* [PROBLEM TO SOLVE] Look below for the line that has "O bătrână din"; output exactly from it through the line that has "Bolso de hombro", and leave the pictures out.
*** INFORMATION SUPPLIED ***
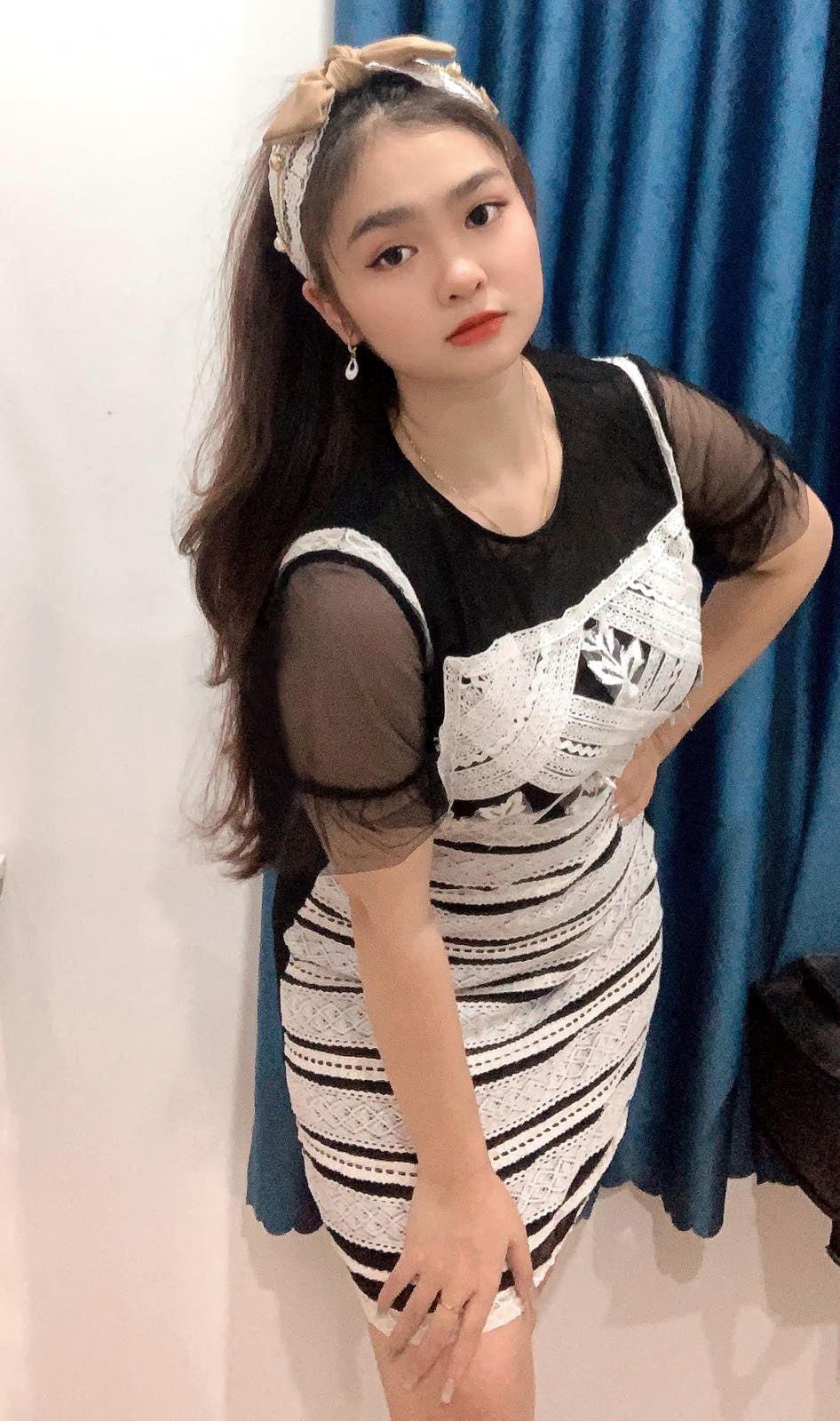 Trong livestream mới nhất, Thiện Nhân mong mọi người không chỉ trích người trong cuộc, cô mong mọi người tôn trọng quyết định của mình. 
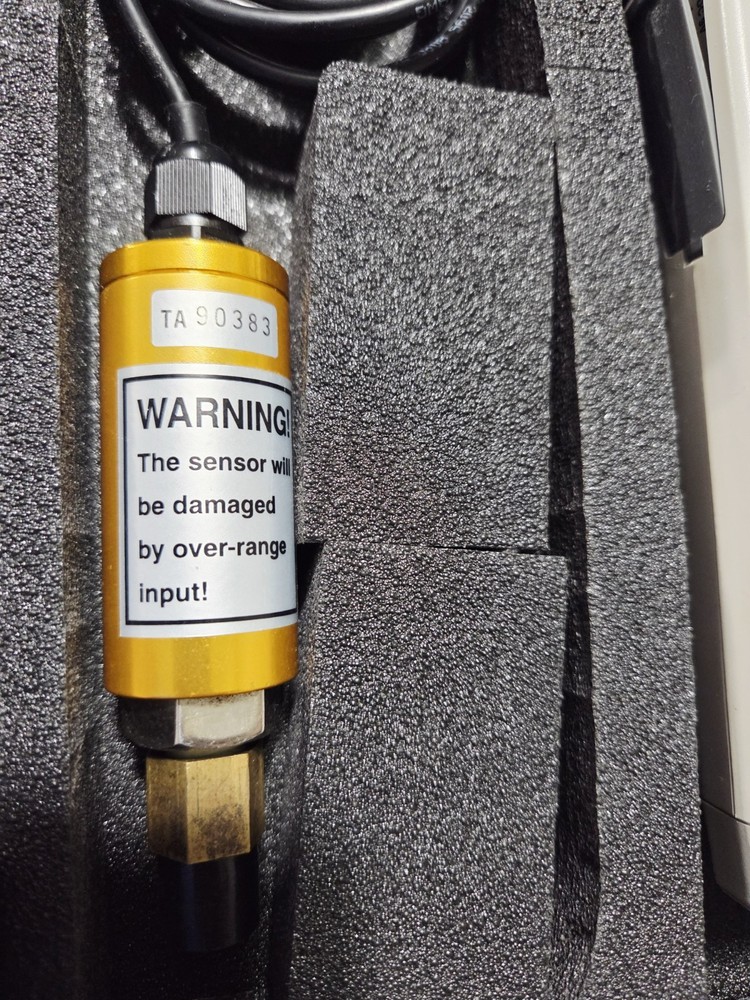 Omega Pressure Meter with Datalogging HHP9303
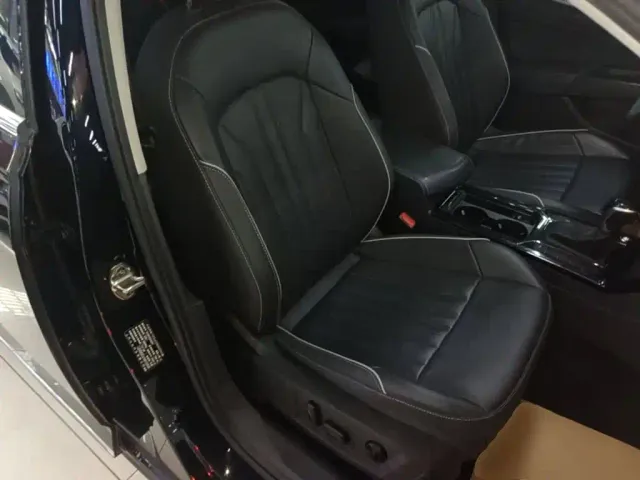 Volkswagen Passat — Фото автомобиля 24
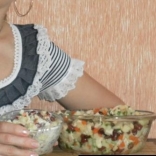 название картинки Салат из копченой куриной грудки с фасолью и огурцами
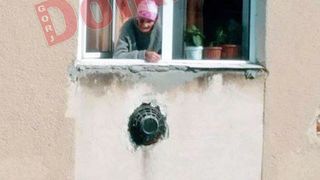 O bătrână din Târgu-Jiu, încuiată în casă de fiica sa! Femeia, vânătă la un ochi, iese pe geam și le spune trecătorilor că îi e foame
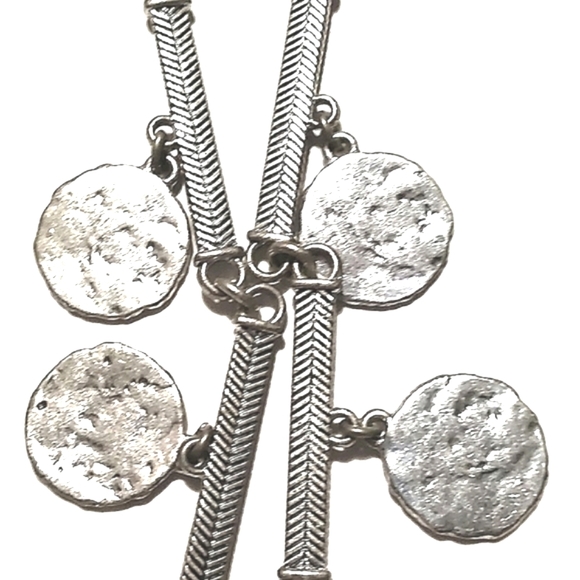 LUCKY BRAND SILVER-TONE HAMMERED DISC 32" NECKLACE - Picture 2 of 8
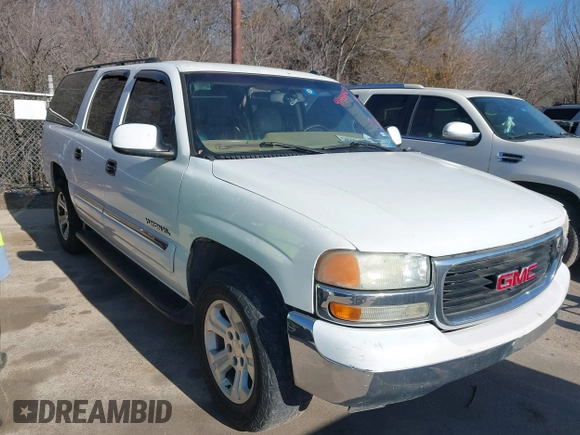 2005 GMC Yukon XL SLT with VIN 3GKEC16Z05G161433, listed as a IAAI auction lot 41484815 with 326,029 mi miles. Bid and sale history available at carsss.com. Image 1.
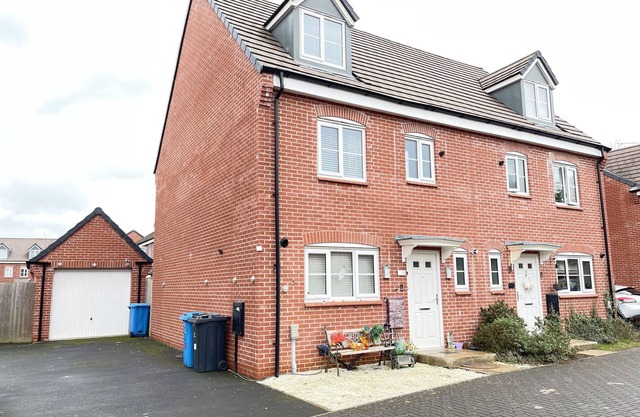 DERBY DEN, family friendly, character holiday cottage in Derby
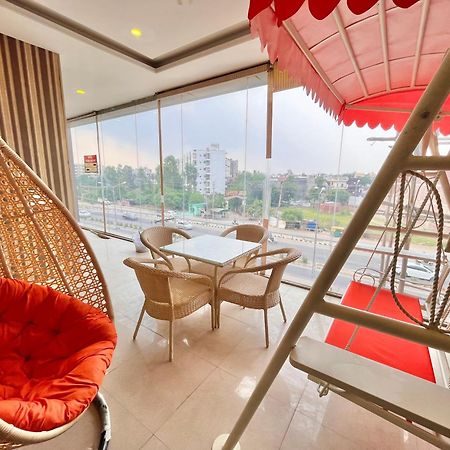 Hotel The Pearl Grand - Top Rated ! Most Awarded ! Parking ! Lift ! Luxury Rooms ! Best Selling Zirakpur 외부 사진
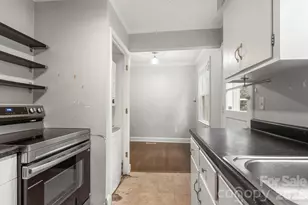 212 Wakefield Dr, Charlotte, NC 28209 - Photo 12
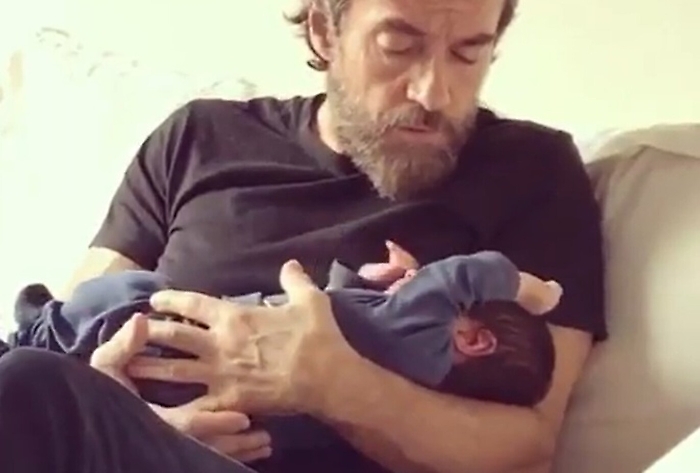 Alessio Boni culla il figlio cantando "Imagine": la poesia più bella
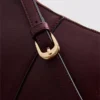 Bolso de hombro con tachuelas de imitación de piel de Paula Echevarría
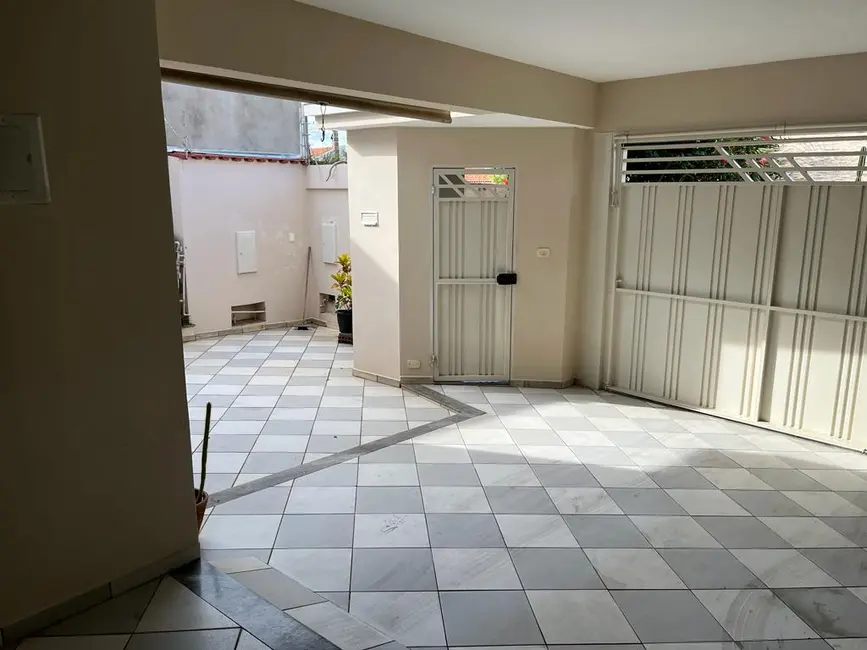 Casa com 3 quartos à venda, 281m2 em Vargem Grande Do Sul - SP - imagem 5 Foto 5 de Casa com 3 quartos à venda, 281m2 em Vargem Grande Do Sul - SP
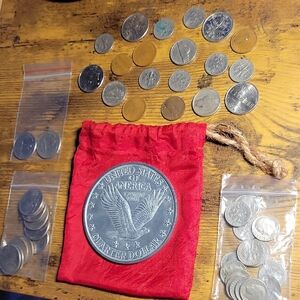 1927 USA Quarter Dollar In Red Pouch W/ Lots Of Vintage Coins & Commerative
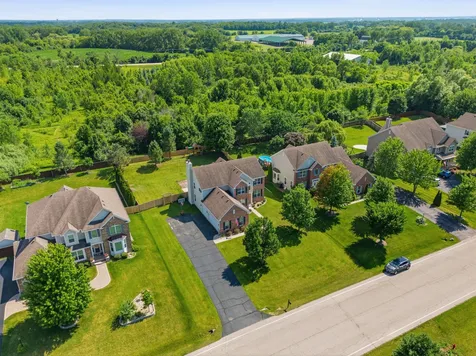 2457 Bryn Mawr Lane Crystal Lake IL 60014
*** End of INFORMATION SUPPLIED ***
* [THE COMPLETED TASK]
 O bătrână din Târgu-Jiu, încuiată în casă de fiica sa! Femeia, vânătă la un ochi, iese pe geam și le spune trecătorilor că îi e foame
 LUCKY BRAND SILVER-TONE HAMMERED DISC 32" NECKLACE - Picture 2 of 8
 2005 GMC Yukon XL SLT with VIN 3GKEC16Z05G161433, listed as a IAAI auction lot 41484815 with 326,029 mi miles. Bid and sale history available at carsss.com. Image 1.
 DERBY DEN, family friendly, character holiday cottage in Derby
 Hotel The Pearl Grand - Top Rated ! Most Awarded ! Parking ! Lift ! Luxury Rooms ! Best Selling Zirakpur 외부 사진
 212 Wakefield Dr, Charlotte, NC 28209 - Photo 12
 Alessio Boni culla il figlio cantando "Imagine": la poesia più bella
 Bolso de hombro con tachuelas de imitación de piel de Paula Echevarría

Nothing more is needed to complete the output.